»»

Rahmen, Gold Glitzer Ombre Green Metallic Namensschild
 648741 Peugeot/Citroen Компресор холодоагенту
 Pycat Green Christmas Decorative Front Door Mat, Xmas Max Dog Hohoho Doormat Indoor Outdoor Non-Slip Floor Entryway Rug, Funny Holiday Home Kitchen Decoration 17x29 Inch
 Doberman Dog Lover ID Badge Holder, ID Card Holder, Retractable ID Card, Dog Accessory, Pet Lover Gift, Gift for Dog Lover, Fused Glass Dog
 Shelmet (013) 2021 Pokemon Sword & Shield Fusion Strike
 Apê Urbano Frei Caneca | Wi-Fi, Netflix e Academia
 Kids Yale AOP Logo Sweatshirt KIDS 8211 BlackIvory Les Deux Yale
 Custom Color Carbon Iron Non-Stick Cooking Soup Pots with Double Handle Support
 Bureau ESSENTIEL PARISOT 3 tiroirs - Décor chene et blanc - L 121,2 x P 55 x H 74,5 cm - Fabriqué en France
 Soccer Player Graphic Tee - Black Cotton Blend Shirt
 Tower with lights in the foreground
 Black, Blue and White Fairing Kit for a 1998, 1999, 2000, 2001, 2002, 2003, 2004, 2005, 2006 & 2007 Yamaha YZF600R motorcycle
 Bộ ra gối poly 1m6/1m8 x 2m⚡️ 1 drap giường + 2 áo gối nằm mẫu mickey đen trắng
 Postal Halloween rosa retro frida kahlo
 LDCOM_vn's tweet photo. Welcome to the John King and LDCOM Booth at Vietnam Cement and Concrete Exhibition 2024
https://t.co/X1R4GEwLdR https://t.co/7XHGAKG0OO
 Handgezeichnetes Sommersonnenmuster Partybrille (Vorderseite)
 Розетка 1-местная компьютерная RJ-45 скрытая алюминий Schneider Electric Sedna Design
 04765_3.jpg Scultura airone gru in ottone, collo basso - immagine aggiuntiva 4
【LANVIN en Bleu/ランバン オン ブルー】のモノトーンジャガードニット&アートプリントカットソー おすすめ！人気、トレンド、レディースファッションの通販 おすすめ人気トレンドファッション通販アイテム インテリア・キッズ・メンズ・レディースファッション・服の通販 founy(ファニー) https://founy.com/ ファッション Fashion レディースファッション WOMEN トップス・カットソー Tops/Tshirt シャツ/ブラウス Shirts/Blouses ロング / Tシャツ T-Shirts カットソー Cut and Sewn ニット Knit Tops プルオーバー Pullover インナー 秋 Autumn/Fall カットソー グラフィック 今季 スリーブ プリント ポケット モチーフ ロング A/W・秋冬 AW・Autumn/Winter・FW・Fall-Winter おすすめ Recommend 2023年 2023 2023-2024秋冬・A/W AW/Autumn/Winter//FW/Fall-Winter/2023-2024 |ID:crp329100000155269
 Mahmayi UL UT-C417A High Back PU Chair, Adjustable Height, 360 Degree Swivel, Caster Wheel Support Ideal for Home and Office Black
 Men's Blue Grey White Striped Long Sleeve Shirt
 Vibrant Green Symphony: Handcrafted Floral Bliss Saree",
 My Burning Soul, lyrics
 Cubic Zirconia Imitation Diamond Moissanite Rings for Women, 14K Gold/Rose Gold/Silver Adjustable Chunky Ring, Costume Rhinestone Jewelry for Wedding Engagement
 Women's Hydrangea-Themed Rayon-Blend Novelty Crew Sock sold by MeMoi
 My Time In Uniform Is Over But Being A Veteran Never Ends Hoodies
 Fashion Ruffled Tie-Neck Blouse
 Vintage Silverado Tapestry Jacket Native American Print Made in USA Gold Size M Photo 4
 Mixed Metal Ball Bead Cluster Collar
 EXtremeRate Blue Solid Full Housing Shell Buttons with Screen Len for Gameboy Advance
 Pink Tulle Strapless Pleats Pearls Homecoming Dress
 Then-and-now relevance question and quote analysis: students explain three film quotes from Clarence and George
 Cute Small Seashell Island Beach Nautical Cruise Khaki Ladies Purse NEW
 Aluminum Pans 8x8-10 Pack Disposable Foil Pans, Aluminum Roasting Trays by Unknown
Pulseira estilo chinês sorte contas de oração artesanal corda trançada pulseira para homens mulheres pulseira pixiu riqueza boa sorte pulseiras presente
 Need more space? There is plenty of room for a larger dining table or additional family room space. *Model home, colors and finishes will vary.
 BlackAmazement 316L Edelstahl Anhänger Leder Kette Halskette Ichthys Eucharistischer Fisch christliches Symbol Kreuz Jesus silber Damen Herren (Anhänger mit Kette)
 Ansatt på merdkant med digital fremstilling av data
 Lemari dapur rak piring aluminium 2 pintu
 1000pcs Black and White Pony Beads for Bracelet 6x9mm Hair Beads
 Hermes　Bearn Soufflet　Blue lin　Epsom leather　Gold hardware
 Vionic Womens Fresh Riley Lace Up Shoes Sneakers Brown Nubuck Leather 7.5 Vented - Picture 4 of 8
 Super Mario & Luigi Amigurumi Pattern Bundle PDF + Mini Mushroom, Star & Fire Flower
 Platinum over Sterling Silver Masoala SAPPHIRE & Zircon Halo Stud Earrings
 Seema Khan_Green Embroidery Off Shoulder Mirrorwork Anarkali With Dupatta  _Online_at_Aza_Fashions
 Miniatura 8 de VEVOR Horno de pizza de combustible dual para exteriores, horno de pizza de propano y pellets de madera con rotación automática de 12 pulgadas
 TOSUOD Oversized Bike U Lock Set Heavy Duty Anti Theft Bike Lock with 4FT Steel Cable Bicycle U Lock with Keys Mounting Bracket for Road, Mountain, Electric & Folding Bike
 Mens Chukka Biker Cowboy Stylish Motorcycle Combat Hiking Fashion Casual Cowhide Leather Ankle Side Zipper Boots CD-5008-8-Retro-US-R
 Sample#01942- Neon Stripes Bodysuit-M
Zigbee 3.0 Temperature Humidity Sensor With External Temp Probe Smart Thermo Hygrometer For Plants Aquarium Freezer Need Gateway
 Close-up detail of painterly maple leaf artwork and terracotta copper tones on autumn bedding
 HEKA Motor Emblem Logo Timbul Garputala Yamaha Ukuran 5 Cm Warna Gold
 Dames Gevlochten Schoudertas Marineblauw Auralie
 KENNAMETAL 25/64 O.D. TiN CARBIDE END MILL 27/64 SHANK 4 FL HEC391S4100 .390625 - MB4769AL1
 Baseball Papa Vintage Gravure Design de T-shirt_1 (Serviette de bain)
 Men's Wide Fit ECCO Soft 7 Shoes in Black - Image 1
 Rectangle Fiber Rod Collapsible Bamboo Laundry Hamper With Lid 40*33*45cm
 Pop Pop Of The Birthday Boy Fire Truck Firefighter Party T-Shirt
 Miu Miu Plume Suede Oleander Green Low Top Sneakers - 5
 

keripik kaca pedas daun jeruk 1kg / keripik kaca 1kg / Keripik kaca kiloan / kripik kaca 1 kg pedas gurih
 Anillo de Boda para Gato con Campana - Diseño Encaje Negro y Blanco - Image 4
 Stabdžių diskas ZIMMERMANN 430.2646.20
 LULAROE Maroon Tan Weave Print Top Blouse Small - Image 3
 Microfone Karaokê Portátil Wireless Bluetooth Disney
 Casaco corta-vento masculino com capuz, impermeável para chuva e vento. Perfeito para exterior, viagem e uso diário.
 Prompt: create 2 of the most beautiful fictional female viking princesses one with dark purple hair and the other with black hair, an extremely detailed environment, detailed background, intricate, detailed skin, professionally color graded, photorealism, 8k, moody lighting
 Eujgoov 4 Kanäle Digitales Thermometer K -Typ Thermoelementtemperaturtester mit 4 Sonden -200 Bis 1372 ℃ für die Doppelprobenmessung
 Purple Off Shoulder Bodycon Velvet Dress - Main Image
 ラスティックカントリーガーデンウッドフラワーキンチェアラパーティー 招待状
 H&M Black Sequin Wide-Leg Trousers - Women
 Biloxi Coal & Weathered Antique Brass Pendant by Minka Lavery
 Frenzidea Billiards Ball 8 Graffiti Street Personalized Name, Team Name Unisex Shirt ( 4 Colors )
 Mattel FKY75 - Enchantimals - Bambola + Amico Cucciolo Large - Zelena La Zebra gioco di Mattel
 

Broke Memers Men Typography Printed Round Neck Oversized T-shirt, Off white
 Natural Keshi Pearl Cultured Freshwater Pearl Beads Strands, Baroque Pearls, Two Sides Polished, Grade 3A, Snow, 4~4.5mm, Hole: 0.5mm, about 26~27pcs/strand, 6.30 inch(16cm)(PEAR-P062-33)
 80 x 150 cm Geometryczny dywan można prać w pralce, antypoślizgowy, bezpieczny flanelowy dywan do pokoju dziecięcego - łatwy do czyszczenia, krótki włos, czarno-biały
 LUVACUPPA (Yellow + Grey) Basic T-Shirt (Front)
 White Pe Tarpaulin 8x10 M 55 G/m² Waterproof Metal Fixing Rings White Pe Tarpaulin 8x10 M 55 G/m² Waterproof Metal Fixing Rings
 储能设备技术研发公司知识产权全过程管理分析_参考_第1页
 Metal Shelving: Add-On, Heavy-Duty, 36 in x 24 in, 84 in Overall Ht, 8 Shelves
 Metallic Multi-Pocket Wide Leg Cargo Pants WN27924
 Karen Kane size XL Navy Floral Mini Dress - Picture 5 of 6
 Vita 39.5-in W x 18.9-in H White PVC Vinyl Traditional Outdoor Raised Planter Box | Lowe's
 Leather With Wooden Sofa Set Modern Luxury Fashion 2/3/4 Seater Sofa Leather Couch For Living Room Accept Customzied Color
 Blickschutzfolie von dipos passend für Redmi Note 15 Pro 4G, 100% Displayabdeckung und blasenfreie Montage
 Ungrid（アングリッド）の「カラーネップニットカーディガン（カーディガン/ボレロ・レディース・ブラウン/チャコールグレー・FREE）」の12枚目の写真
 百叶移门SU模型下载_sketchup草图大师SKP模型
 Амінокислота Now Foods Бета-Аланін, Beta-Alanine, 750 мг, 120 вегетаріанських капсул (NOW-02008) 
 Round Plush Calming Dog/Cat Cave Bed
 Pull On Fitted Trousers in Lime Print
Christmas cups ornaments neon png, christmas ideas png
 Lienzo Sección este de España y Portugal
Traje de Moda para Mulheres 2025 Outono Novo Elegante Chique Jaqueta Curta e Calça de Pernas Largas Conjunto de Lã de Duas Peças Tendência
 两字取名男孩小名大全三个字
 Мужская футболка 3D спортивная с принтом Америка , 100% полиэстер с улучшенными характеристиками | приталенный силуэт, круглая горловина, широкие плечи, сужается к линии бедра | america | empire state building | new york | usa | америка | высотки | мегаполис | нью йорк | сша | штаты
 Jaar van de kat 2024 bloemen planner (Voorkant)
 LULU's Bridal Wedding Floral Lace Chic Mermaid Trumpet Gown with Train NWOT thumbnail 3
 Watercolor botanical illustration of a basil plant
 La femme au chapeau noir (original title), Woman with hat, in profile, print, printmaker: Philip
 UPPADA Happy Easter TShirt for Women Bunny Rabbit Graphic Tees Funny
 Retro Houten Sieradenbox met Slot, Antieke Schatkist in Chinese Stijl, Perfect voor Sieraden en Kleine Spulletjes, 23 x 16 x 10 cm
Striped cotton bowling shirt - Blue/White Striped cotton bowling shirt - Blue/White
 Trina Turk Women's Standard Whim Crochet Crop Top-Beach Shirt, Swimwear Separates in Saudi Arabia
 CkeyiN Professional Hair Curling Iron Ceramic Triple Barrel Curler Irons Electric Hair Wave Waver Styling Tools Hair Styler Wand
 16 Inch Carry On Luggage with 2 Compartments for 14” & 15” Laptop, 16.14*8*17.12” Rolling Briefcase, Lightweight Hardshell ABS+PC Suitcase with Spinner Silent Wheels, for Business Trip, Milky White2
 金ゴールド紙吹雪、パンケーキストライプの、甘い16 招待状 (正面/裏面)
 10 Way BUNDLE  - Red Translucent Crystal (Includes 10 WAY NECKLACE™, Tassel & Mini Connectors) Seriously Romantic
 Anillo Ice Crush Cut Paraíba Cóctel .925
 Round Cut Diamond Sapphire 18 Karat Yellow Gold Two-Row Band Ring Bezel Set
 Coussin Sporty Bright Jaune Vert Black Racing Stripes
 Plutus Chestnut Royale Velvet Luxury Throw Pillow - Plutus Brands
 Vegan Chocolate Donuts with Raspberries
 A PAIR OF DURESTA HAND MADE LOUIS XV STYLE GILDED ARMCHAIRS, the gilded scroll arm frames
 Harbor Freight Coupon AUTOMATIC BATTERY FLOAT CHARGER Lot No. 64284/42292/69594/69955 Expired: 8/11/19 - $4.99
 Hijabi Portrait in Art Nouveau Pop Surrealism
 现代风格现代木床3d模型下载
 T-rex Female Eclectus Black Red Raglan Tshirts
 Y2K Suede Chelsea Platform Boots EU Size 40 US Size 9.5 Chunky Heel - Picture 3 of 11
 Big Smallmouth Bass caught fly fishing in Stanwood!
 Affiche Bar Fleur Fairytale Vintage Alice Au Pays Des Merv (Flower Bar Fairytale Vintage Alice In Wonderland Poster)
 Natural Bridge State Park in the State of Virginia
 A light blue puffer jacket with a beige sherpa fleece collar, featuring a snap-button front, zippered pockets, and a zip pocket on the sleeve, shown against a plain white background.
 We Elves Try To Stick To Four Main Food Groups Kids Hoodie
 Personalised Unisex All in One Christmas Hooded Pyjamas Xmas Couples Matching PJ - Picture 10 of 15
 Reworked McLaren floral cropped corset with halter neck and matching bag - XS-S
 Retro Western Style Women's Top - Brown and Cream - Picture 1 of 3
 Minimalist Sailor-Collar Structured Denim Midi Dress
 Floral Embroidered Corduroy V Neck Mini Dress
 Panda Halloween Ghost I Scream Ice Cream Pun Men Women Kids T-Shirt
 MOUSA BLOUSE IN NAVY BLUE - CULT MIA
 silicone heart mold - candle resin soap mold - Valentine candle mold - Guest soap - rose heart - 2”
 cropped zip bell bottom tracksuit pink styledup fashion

««

## TRY IT:
Where the line holding "Pink Tulle Strapless" appears in the listing above, start reproducing exactly, and end with the line holding "Need more space?".

## REPLY TO THE TASK:
 Pink Tulle Strapless Pleats Pearls Homecoming Dress
 Then-and-now relevance question and quote analysis: students explain three film quotes from Clarence and George
 Cute Small Seashell Island Beach Nautical Cruise Khaki Ladies Purse NEW
 Aluminum Pans 8x8-10 Pack Disposable Foil Pans, Aluminum Roasting Trays by Unknown
Pulseira estilo chinês sorte contas de oração artesanal corda trançada pulseira para homens mulheres pulseira pixiu riqueza boa sorte pulseiras presente
 Need more space? There is plenty of room for a larger dining table or additional family room space. *Model home, colors and finishes will vary.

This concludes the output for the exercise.